Abuse is a complex psychosocial problem that affects large numbers of adults as well as children throughout the world. It is listed in the Diagnostic and Statistic Manual of Mental Disorders, the fourth edition, text revision (DSM-IV-TR) under the heading of “Other Conditions That May Be a Focus of Clinical Attention.” Although abuse was initially defined with regard to children when it first received sustained attention in the 1950s, clinicians and researchers now recognize that adults can suffer abuse under a number of different circumstances. Abuse refers to harmful or injurious treatment of another human being that may include physical, sexual, verbal, psychological/emotional, intellectual, or spiritual maltreatment. Abuse may coexist with neglect, which is defined as failure to meet a dependent person’s basic physical and medical needs, emotional deprivation, and/or desertion. Neglect is sometimes described as passive abuse.

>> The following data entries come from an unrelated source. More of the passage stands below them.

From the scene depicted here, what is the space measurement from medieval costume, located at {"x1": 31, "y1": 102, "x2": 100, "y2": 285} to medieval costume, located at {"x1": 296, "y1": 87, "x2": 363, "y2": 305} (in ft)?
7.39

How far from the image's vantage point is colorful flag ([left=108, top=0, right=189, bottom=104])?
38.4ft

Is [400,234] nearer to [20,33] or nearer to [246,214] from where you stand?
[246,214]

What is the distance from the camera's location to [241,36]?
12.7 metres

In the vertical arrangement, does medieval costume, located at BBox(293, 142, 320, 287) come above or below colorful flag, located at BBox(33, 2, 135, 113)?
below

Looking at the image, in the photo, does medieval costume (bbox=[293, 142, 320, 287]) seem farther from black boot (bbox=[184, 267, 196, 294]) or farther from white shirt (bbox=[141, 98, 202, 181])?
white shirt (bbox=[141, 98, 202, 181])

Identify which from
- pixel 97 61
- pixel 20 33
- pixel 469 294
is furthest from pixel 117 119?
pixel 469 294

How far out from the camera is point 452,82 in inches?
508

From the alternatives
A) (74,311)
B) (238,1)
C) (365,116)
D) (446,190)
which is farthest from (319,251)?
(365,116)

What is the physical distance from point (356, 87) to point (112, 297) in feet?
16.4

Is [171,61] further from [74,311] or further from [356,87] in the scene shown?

The costs of abuse to society run into billions of dollars annually in the United States alone. They include not only the direct costs of immediate medical and psychiatric treatment of abused people but also the indirect costs of learning difficulties, interrupted education, workplace absenteeism, and long-term health problems of abuse survivors.
Physical abuse refers to striking or beating another person with the hands or an object, but may include assault with a knife, gun, or other weapon. Physical abuse also includes such behaviors as locking someone in a closet or other small space, depriving someone of sleep, and burning, gagging, or tying someone up. Physical abuse of infants or children may include shaking them, dropping them on the floor, or throwing them against the wall or other hard object.
Sexual abuse refers to inappropriate sexual contact between a child or adult and a person who has some kind of family or professional authority over that child or adult. Sexual abuse may include verbal remarks, fondling or kissing, or attempted or completed intercourse. Sexual contact between a child and a biological relative is known as incest, although some therapists extend the term to cover sexual contact between a child and any trusted caregiver, including relatives by marriage. Girls are more likely than boys to be abused sexually. According to a conservative estimate, 38% of girls and 16% of boys are sexually abused before their eighteenth birthday.
Verbal abuse refers to regular and consistent belittling, name-calling, labeling, or ridicule of a person. It may also include spoken threats. It is one of the most difficult forms of abuse to prove because it does not leave physical scars or other evidence, but it is nonetheless hurtful. Verbal abuse may occur in schools or workplaces as well as in families.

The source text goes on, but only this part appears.